Chamou o Movimento Popular Democrático (MPD) de partido franco-atirador. Questionou a Conaie, dizendo que essa organização indígena “sempre se presta para os jogos da direita”.
Chávez fechou o ano apresentando os equipamentos militares que comprou da Rússia. Disse que está pronto para a guerra. Formalizou as Milícias Bolivarianas como vetor das FFAAs. Lugo, presidente do Paraguai, contido pelo Parlamento, conseguiu a anulação dos atos de 2007 de destituição de dois ex-ministros da Corte Suprema. O Senado não reconheceu. Novos filhos do ex-bispo continuam a aparecer -e fala-se em 17. E, por aqui, espera-se que o decreto atropelando a Lei de Anistia seja apenas mais uma trapalhada.

Resistência parlamentar

Publicado em 16/01/2010 em Folha de São Paulo

AS ELEIÇÕES parlamentares no Brasil ocorrem num quinto plano, como se não tivessem importância. Minimizadas pela cobertura da imprensa, ridicularizadas pelas aparições na TV e não alcançadas pelas pesquisas, os curiosos só vão descobrir o resultado da eleição proporcional com a publicação dos nomes pelos jornais no dia seguinte. Ali, um ou outro garimpa o seu candidato.

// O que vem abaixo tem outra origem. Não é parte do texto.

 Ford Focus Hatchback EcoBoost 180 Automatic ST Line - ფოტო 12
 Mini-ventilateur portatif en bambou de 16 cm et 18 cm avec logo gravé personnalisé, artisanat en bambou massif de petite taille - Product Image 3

E os analistas tratam, então, graficamente, da composição do novo Congresso. Num quadro pluripartidário inorgânico como o brasileiro, se tem dito: “tanto faz”. Afinal, nenhum partido chega perto dos 20% na Câmara dos Deputados. E o Executivo contrata a sua maioria.
Mas a atenção hoje deveria ser outra, com os exemplos que correm pela América Latina, que sinalizam riscos e, assim, a necessidade, em 2010 e daí para a frente, de se dar atenção muito maior às eleições parlamentares.
Na Venezuela, no Equador e na Bolívia, os políticos, os partidos, os intelectuais, os analistas e a imprensa concentraram suas atenções no líder populista, nas pesquisas indicando a sua popularidade, nos plebiscitos que propõem, nas reeleições. Com isso, os Parlamentos foram desossados. Na Venezuela, na eleição parlamentar anterior, os partidos de oposição decidiram não concorrer, e a Câmara passou a ser, literalmente, de partido único.
Com isso, esses governos passaram a tratar a lei como um ato administrativo seu e avançaram sobre as instituições, o direito de propriedade e as liberdades individuais, de expressão e de imprensa. A exceção é o Paraguai. Com a vitória inevitável de Lugo, os partidos concentraram-se na formação de um Congresso de resistência. E é exatamente aí onde as extravagâncias chavistas não conseguem avançar. Se os Kirchner se coçavam na busca de uma variante do chavismo, ao perderem, nas eleições de 2009, a maioria na Câmara e Senado, essa aventura passou a enfrentar resistências.
Aqui, os dois decretos do governo Lula, um atropelando a Lei de Anistia, outro, um pout-pourri de excentricidades autoritárias, acenderam a luz vermelha sobre as eleições de 2010. A esquerda autoritária, pós-mensalão, perdeu a hegemonia para o sindicalismo no partido e no governo. E abriu para esse as delícias dos fundos e dos conselhos de administração. E agora recobra força, mostra suas unhas afiadas com um “programa de governo”, quem sabe para aplicar em 2011.
Os distraídos continuarão a concentrar toda a sua atenção na eleição presidencial. No dia seguinte, lerão nos jornais o nome dos parlamentares eleitos. Se antes tanto fazia, agora não. Eleger um Congresso com força suficiente para resistir a aventuras chavistas é tão importante quanto a própria eleição presidencial: daqui para a frente.